Abstract This paper presents an experimental approach to minimize uncertainties involved when modeling CO2-crude oil mixtures. Very little data on CO2-crude oil mixtures have been published in the literature, and most do not cover the range of temperatures necessary for a broader interpretation of data during equation of state (EOS) modeling. Also fluid viscosity is rarely measured. This work addresses both issues, and also develops new experimental procedures. Phase behavior studies of CO2 mixtures with a live oil sample from a UAE field were carried out using three different temperatures (54°C, 64°C and 74°C) and maximum pressure of 4500 psi. CO2 was injected into a cell containing the crude oil at a suitable working pressure of 2500psi, and swelling tests were conducted. Fluid properties such as saturation pressures, crude oil densities, viscosities, relative oil volumes and swelling factors were determined. It was confirmed that the swelling factors increased with a rise in temperature at constant injection volumes. In addition to the phase behavior studies, a modified operating method was developed for the capillary tube viscometer which required approximately half as much sample. The procedure took into account the integrity of the homogenous mixture as well as the dead volumes of the equipment, and gas trapping effects during sample charging. Results obtained from this method were repeatable and consistent with the routine method, with an average deviation of 0.34%. At the final step of CO2 injection in crude oil, a viscosity reduction by a factor of 4.4 was recorded. The method should be beneficial for subsequent research projects involving viscosity measurements of CO2–crude systems. A commercial software was used in the phase behavior modeling of the laboratory data. The software incorporates the Peng-Robinson equation of state (PR-EOS) for modeling the experimental data obtained for the range of temperatures.
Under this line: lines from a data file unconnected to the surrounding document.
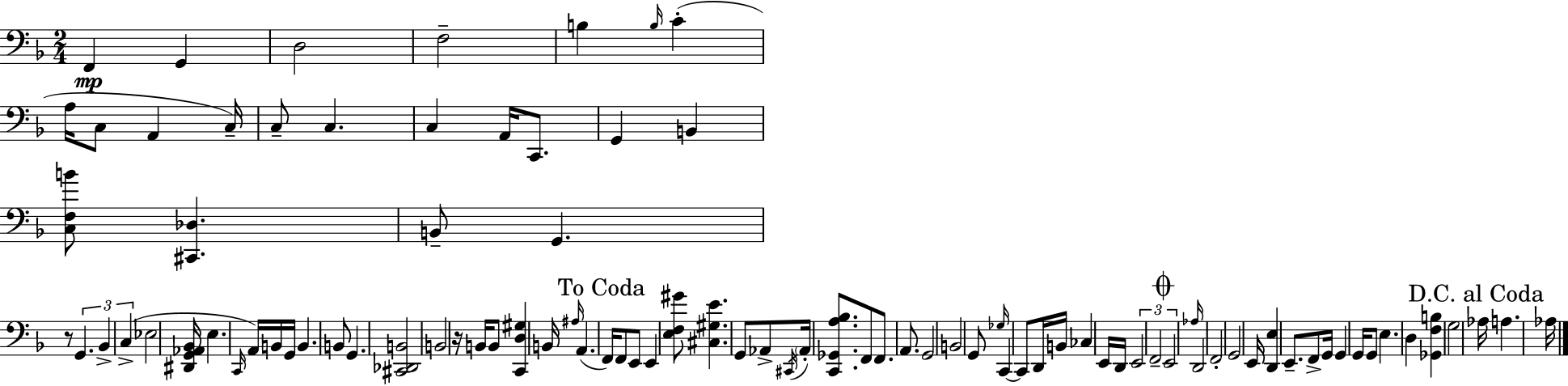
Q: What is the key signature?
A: F major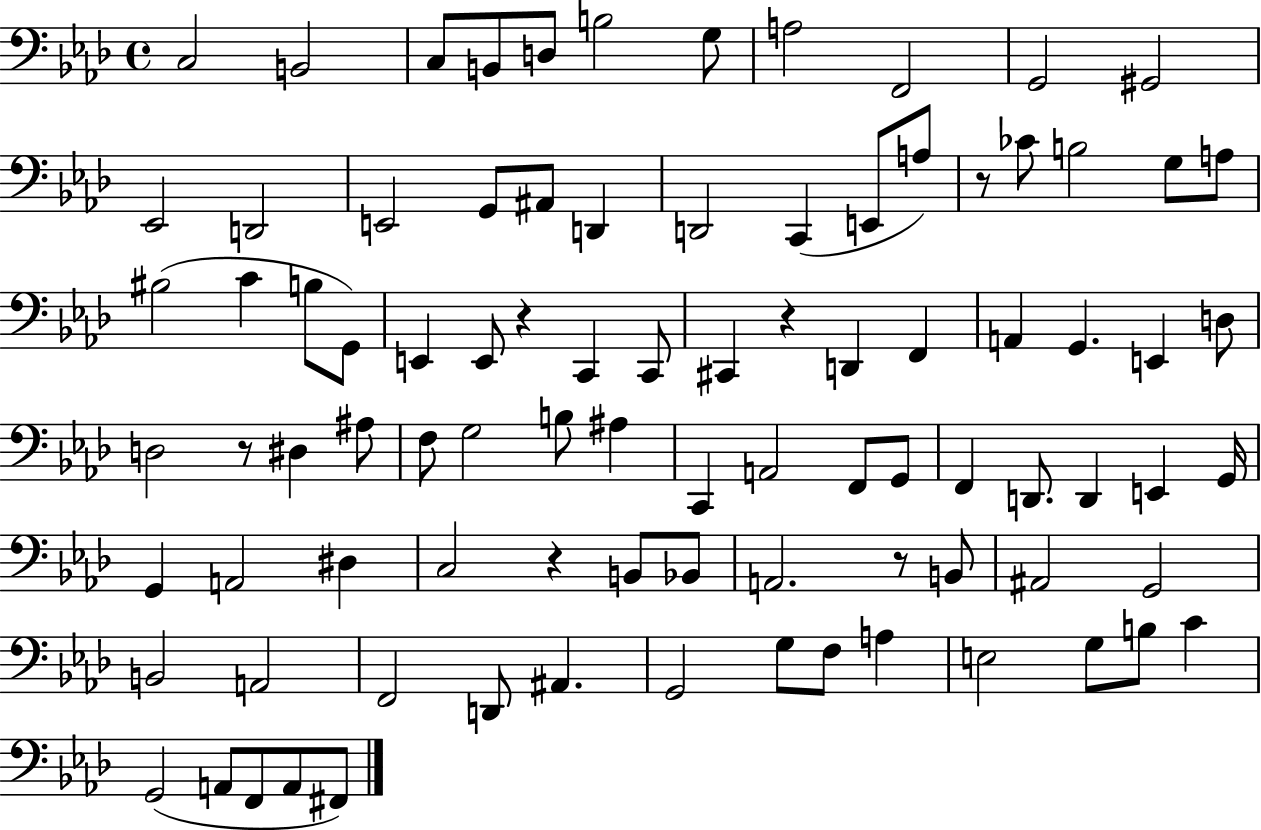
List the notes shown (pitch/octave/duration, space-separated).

C3/h B2/h C3/e B2/e D3/e B3/h G3/e A3/h F2/h G2/h G#2/h Eb2/h D2/h E2/h G2/e A#2/e D2/q D2/h C2/q E2/e A3/e R/e CES4/e B3/h G3/e A3/e BIS3/h C4/q B3/e G2/e E2/q E2/e R/q C2/q C2/e C#2/q R/q D2/q F2/q A2/q G2/q. E2/q D3/e D3/h R/e D#3/q A#3/e F3/e G3/h B3/e A#3/q C2/q A2/h F2/e G2/e F2/q D2/e. D2/q E2/q G2/s G2/q A2/h D#3/q C3/h R/q B2/e Bb2/e A2/h. R/e B2/e A#2/h G2/h B2/h A2/h F2/h D2/e A#2/q. G2/h G3/e F3/e A3/q E3/h G3/e B3/e C4/q G2/h A2/e F2/e A2/e F#2/e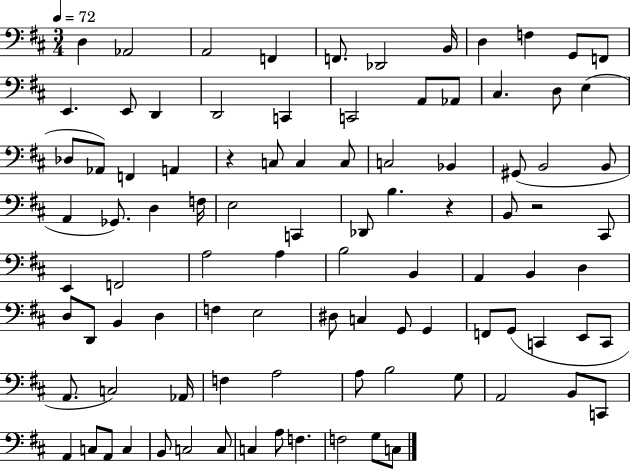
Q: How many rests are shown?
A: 3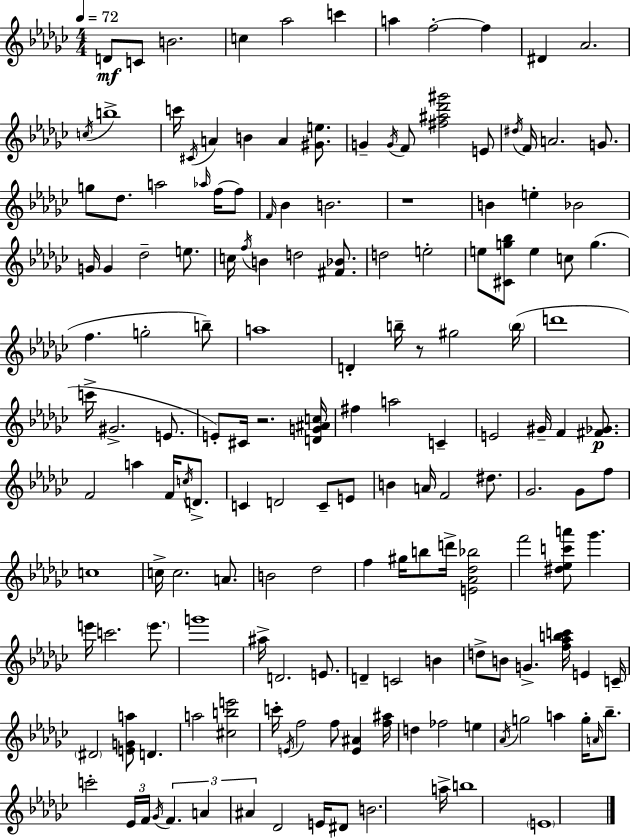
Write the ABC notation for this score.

X:1
T:Untitled
M:4/4
L:1/4
K:Ebm
D/2 C/2 B2 c _a2 c' a f2 f ^D _A2 c/4 b4 c'/4 ^C/4 A B A [^Ge]/2 G G/4 F/2 [^f^a_d'^g']2 E/2 ^d/4 F/4 A2 G/2 g/2 _d/2 a2 _a/4 f/4 f/2 F/4 _B B2 z4 B e _B2 G/4 G _d2 e/2 c/4 f/4 B d2 [^F_B]/2 d2 e2 e/2 [^Cg_b]/2 e c/2 g f g2 b/2 a4 D b/4 z/2 ^g2 b/4 d'4 c'/4 ^G2 E/2 E/2 ^C/4 z2 [DG^Ac]/4 ^f a2 C E2 ^G/4 F [^F_G]/2 F2 a F/4 c/4 D/2 C D2 C/2 E/2 B A/4 F2 ^d/2 _G2 _G/2 f/2 c4 c/4 c2 A/2 B2 _d2 f ^g/4 b/2 d'/4 [E_A_d_b]2 f'2 [^d_ec'a']/2 _g' e'/4 c'2 e'/2 g'4 ^a/4 D2 E/2 D C2 B d/2 B/2 G [f_abc']/4 E C/4 ^D2 [EGa]/2 D a2 [^cbe']2 c'/4 E/4 f2 f/2 [E^A] [f^a]/4 d _f2 e _A/4 g2 a g/4 A/4 _b/2 c'2 _E/4 F/4 _G/4 F A ^A _D2 E/4 ^D/2 B2 a/4 b4 E4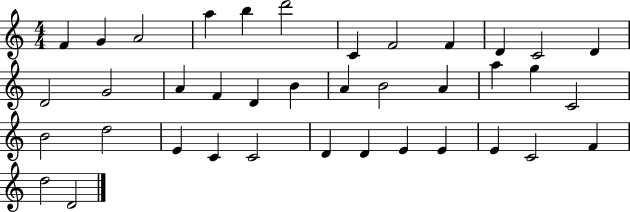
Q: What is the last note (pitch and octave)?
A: D4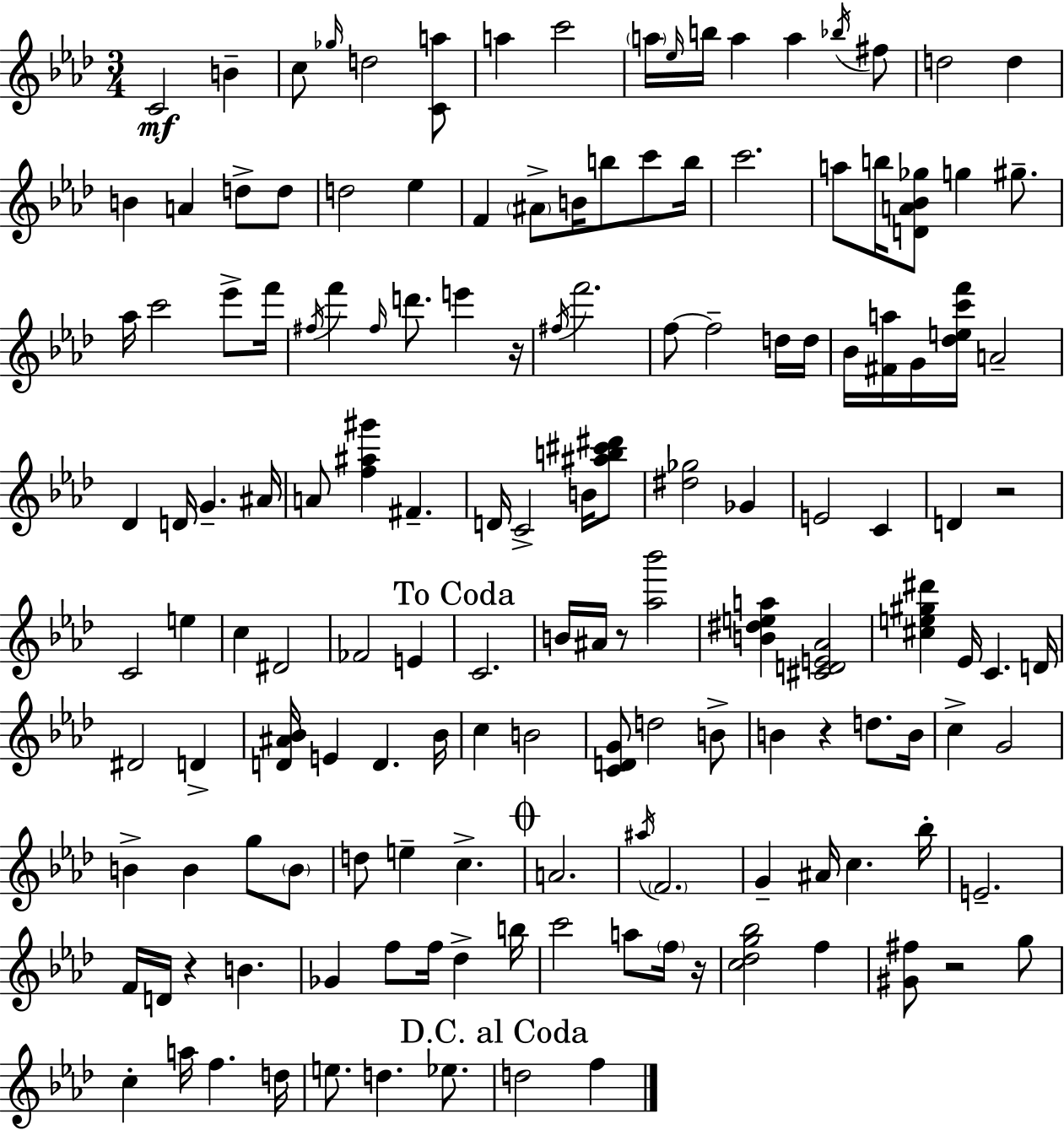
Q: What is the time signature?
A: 3/4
The reservoir fluid sample was first characterized into several components, and then the EOS parameters and viscosity model were tuned to match the experimental data. The outcome of the EOS modeling established that the critical properties, binary interaction coefficients, acentric factors and the selection of tuning weights were the most sensitive and influential parameters. An 11 component lumping scheme was found to accurately match experimental data at all three temperatures.